Angie Debo, Kate Barnard and ‘A Life on Fire’ Talk and book signing with author Connie Cronley

Oklahoma State University Edmon Low Library Browsing Room 216 Athletic Ave. Stillwater, OK 74078

The Stillwater Public Library and Oklahoma State University Library are partnering to bring Oklahoma author Connie Cronley to Stillwater on March 30. Cronley will discuss her award-winning book “A Life on Fire: Oklahoma’s Kate Barnard,” which chronicles the life of the state’s first female politician and social reformer. Cronley will also discuss how Dr. Angie Debo inspired her to write it. She will speak and sign books at OSU at 3 p.m. and then at SPL at 6:30 p.m. Both events are free and open to the public.

Barnard was the first woman to be elected to state office as the commissioner of charities and corrections in 1907, 15 years before women were granted the right to vote. Cronley believes that this fact, among many other things, makes Barnard the most important woman in Oklahoma history.

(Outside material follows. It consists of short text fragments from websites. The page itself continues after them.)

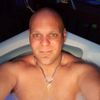 David Nadeau - @davidnadeau37 - TikTok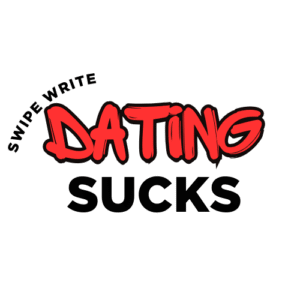 Swipe write logo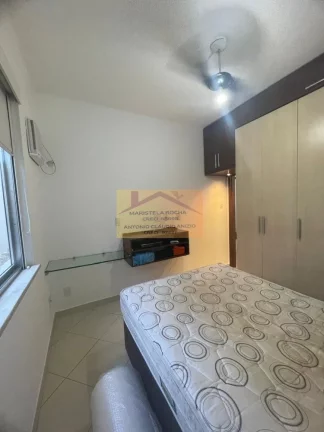 Imagem ÓTIMA RESIDÊNCIA BEM PROXIMA AO NORTE SHOPPING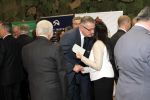 Źródło:rzeszow.uw.gov.pl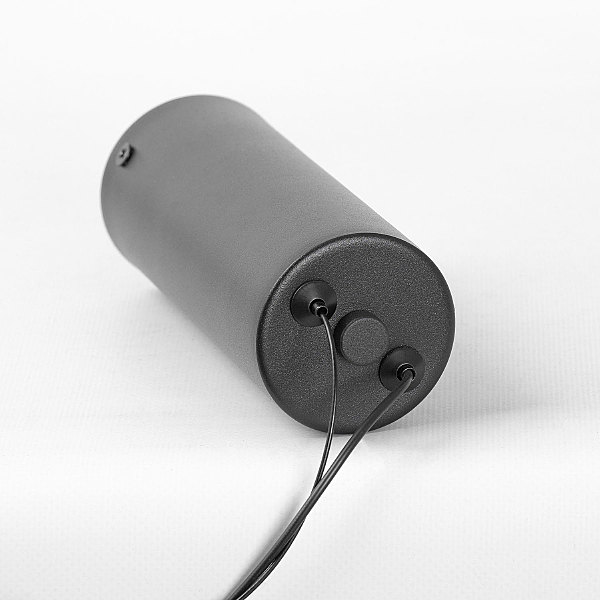 Светильник подвесной Skew LSP-7319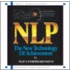 Nlp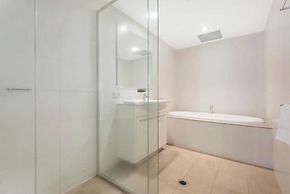 Sky Lounge 4BR Sub Penthouse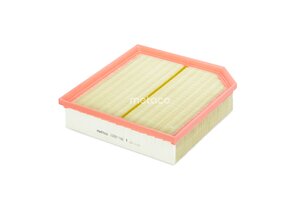 Изображение 3, 1000-746 Фильтр воздушный GEELY Atlas METACO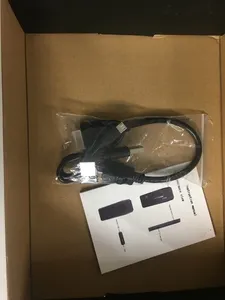 تجریه خرید کنسول بازی مدل 4K Game Stick Lite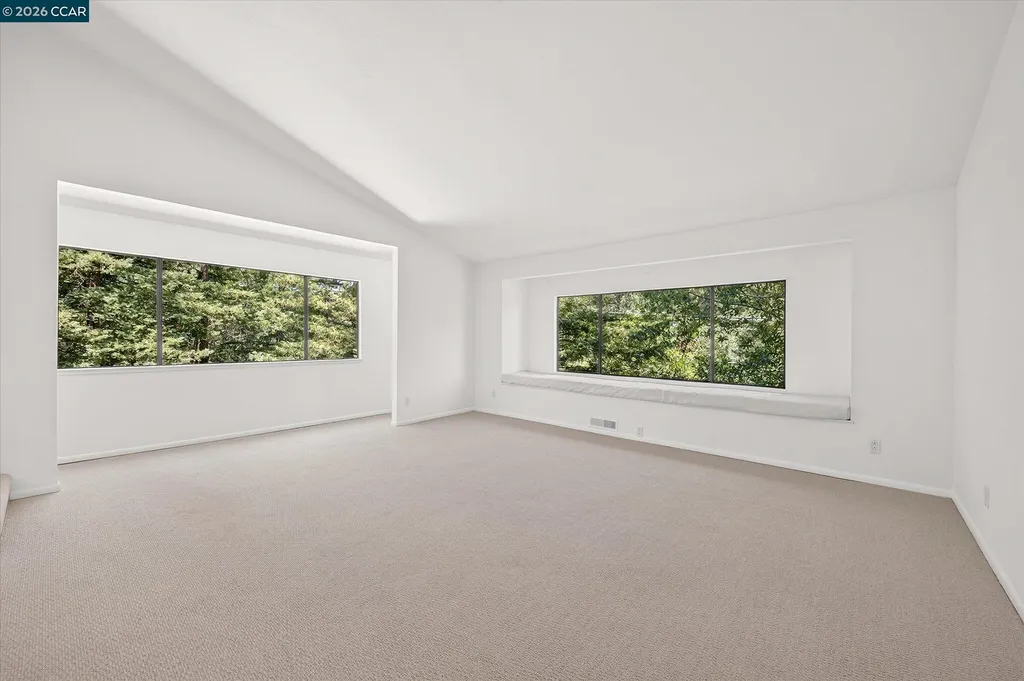 53 Sleepy Hollow Lane Orinda CA 94563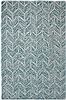 Dynamic Polar White 96 X 136 Area Rug PH101499667144 801-71443 Thumb 0
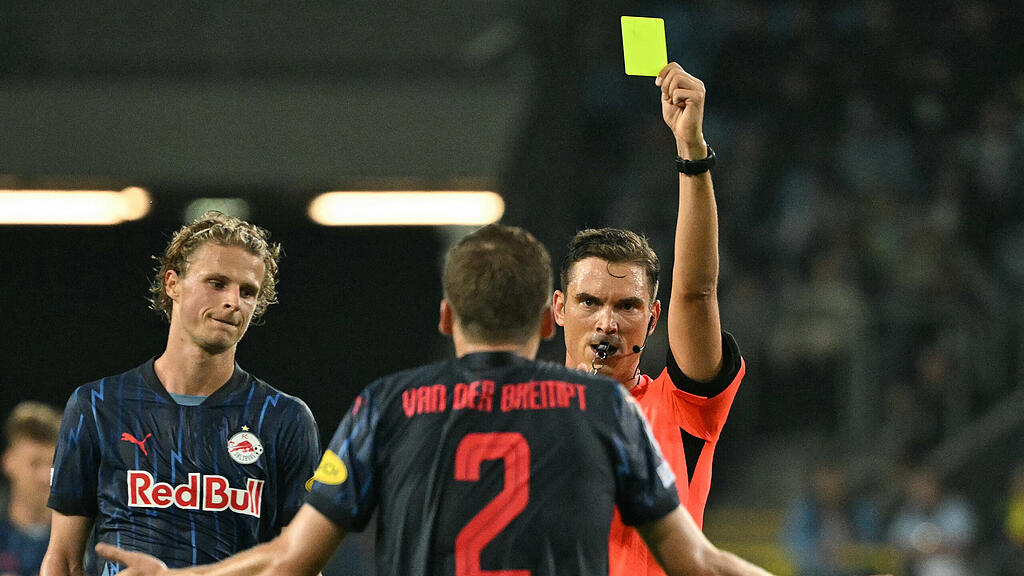 FBL - EUR - C1 - QUALIFIER ... - AFP-Bild aktuell & Archiv, englisch - 21.08.24 - 22.37 - ABB2728 - High-Res.jpg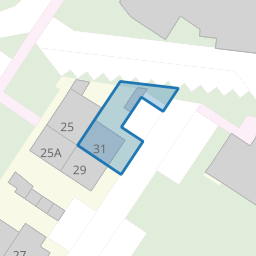 Perceel LNK00-P-2245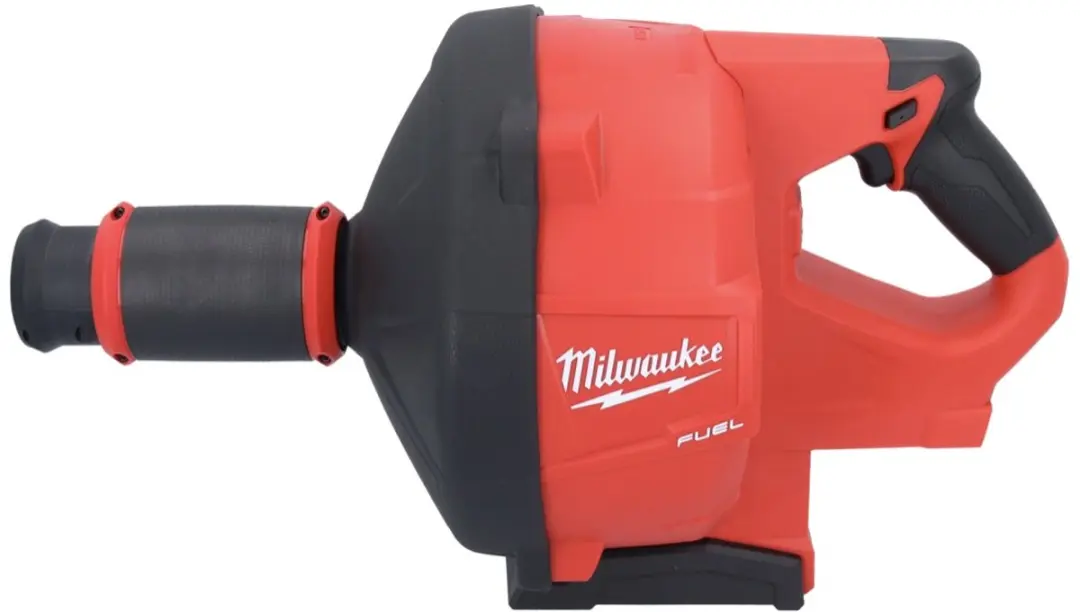 Milwaukee M18 FDCPF8-0C Ontstoppingsveer 10,6m - 8mm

“Kate dedicated herself to political and social reform on behalf of orphans, the mentally ill, the incarcerated and the poor, but her special interest was children,” Cronley said. “She influenced Oklahoma to enact laws that kept children out of the mines, the mills and the factories, to provide public education and to establish a juvenile justice system.”

It was Debo who first told Cronley about Barnard and inspired her to write “A Life on Fire.” Debo was Cronley’s friend and mentor.

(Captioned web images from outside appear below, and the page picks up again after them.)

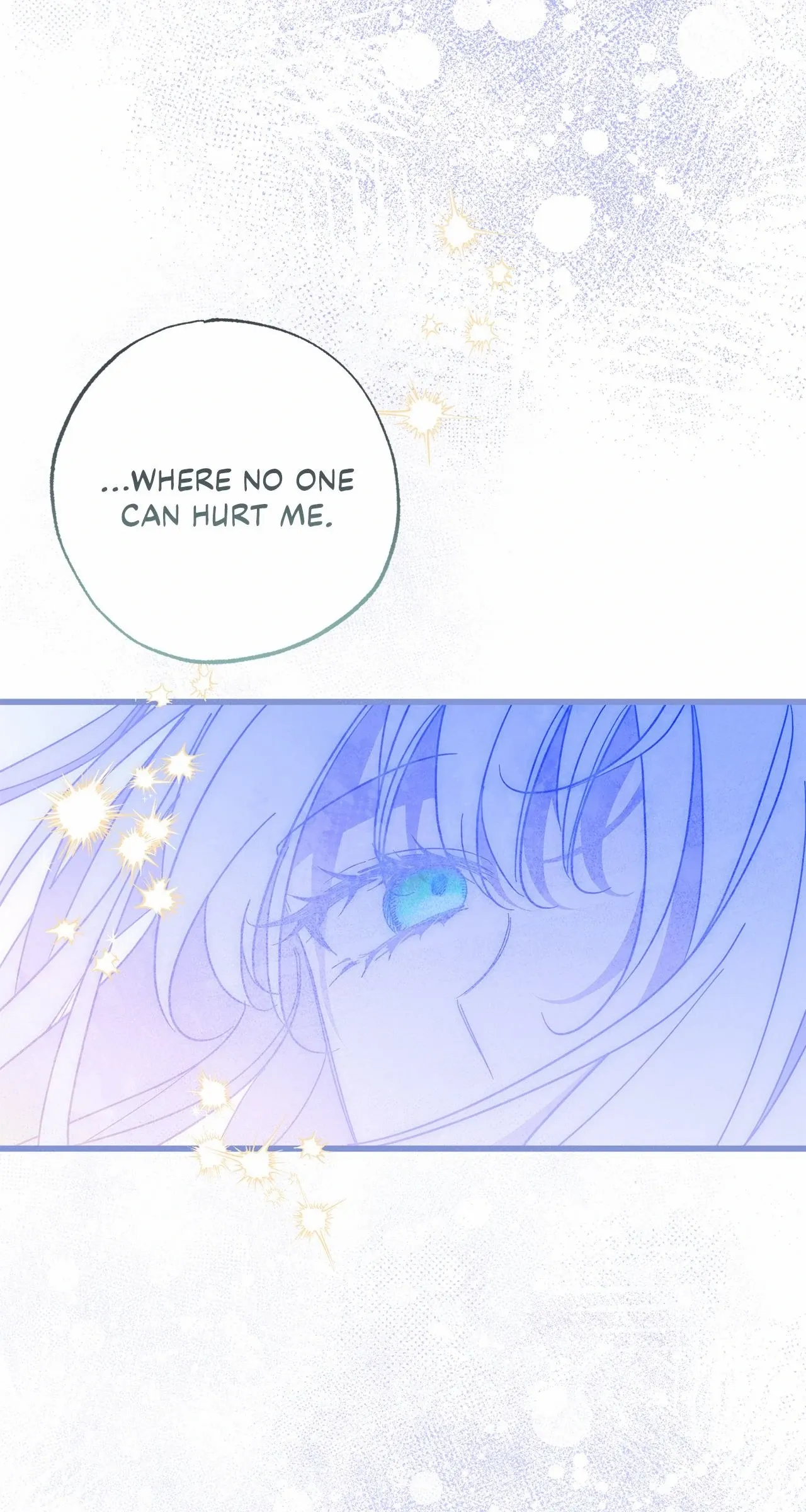 Read My Husband Who Hates Me Has Lost His Memories Manga Online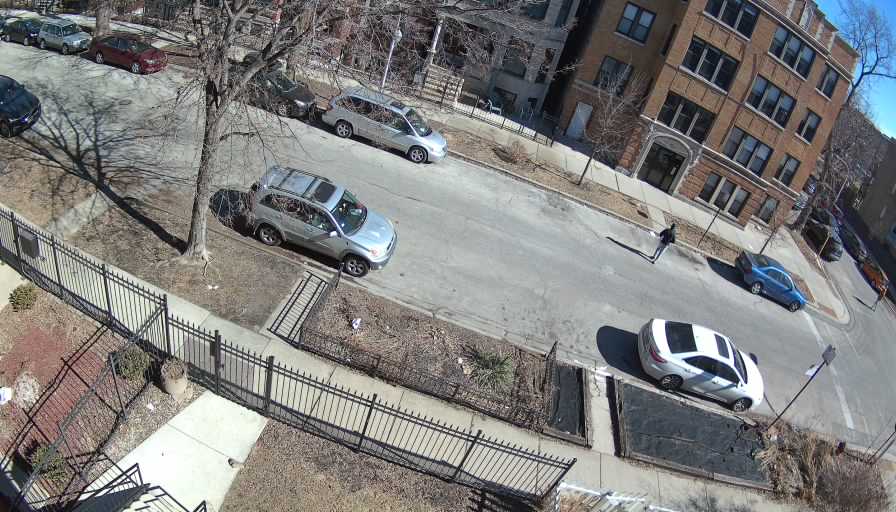 Reolink Camera One_00_Reolink Home Hub One_20260301123451.jpg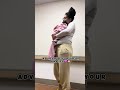 RSV season is here again 🤍 #rsvseason #babytok #babygirl #momlife #breastfeedingmama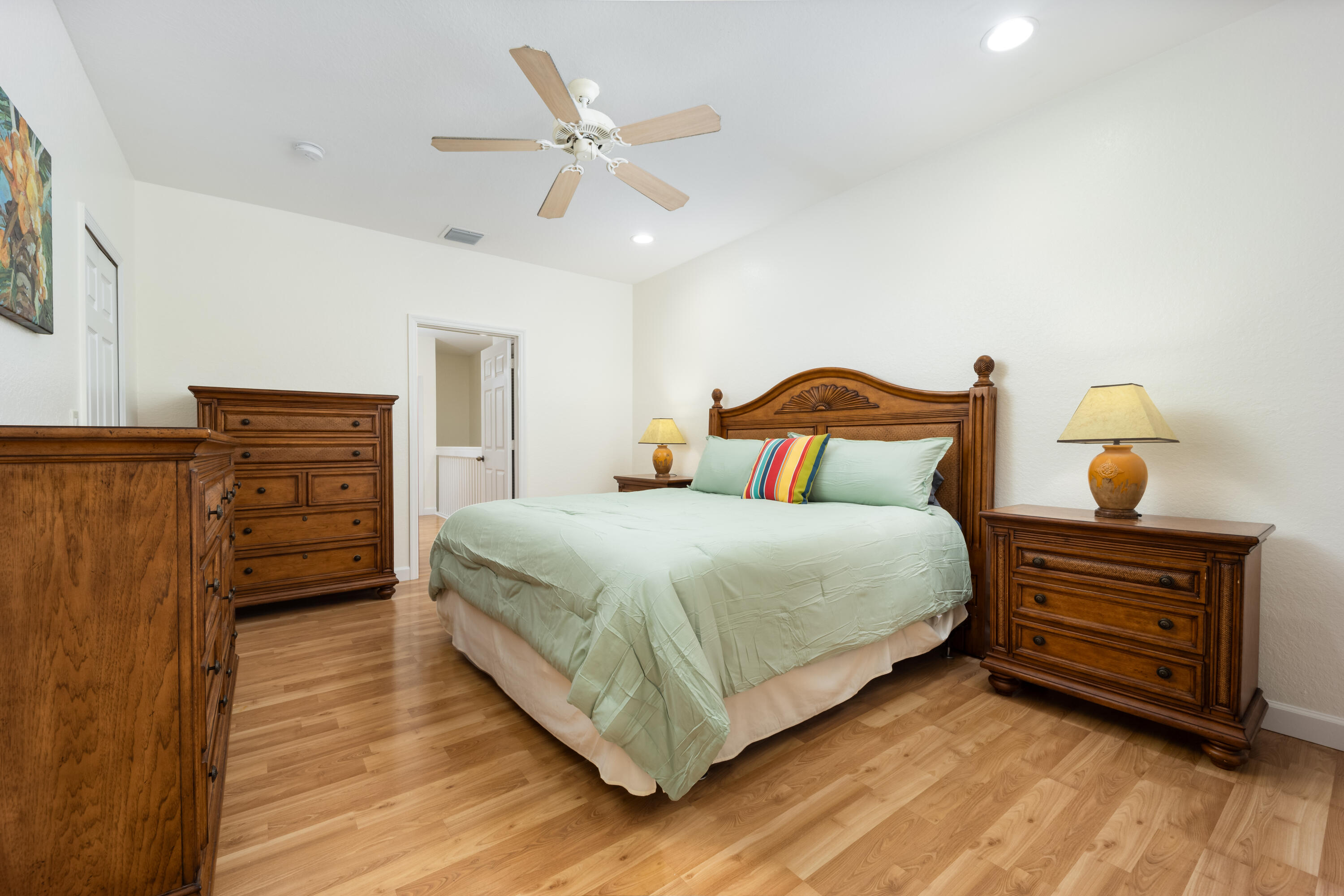 MLS #RX-10966959 image #11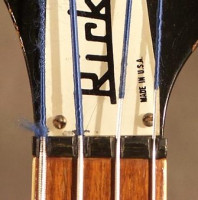 4005WB Nut 03.jpg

“Dr. Debo – I never called her Angie – said she would like for me to write a biography of Kate; I agreed on the spot,” Cronley said. “Her passion burned like a flame, Angie told me. Kate Barnard passed a flame to Angie Debo, and she passed it to me.”

Using Debo’s footnotes in “And Still the Waters Run,” Cronley began her research on Barnard in the mid-1970s when she was still able to speak with people who knew Barnard. Her research took her to the National Archives and Library of Congress in Washington D.C., to Oklahoma universities and libraries, to Texas and even to Kirwin, Kansas where Barnard grew up.

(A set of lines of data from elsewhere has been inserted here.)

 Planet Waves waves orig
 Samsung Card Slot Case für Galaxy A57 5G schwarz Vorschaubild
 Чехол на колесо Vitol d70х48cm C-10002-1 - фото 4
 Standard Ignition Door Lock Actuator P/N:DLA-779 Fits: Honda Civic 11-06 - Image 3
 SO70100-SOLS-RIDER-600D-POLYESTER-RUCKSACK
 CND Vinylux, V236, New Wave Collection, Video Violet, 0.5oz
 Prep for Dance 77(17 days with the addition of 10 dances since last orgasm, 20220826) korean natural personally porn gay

Years went by, and Cronley’s life and career moved forward, but she was dedicated to keeping her promise to Debo by finishing the book. After retiring, she reacquainted herself with the research and published “A Life on Fire.”

Cronley hopes her book will make more people aware of Barnard and her legacy. She credits Barnard’s defense of Native American orphans being robbed of their property to her eventual downfall and the reason why not many people know about her.

“She fought a heroic but losing battle on behalf of Native Americans,” Cronley said. “It is the winners, not the losers, who get to write history.”

Emily States, an adult services librarian at SPL, thinks having Cronley speak about Barnard and Debo is a perfect way to conclude Women’s History Month.

“I never knew about Barnard until I read the review of Cronley’s book and purchased it for the library,” States said. “Her commitment to social and economic justice astounds me, and I’m so glad that her story is being told.”

Cronley will sign books following each event, and Bliss Books and Bindery will be on site with copies of “A Life on Fire” that will be available for purchase.

Sponsors include the OSU Library, OSU’s Center for Oklahoma Studies, the Stillwater Public Library and the Friends of the Stillwater Public Library.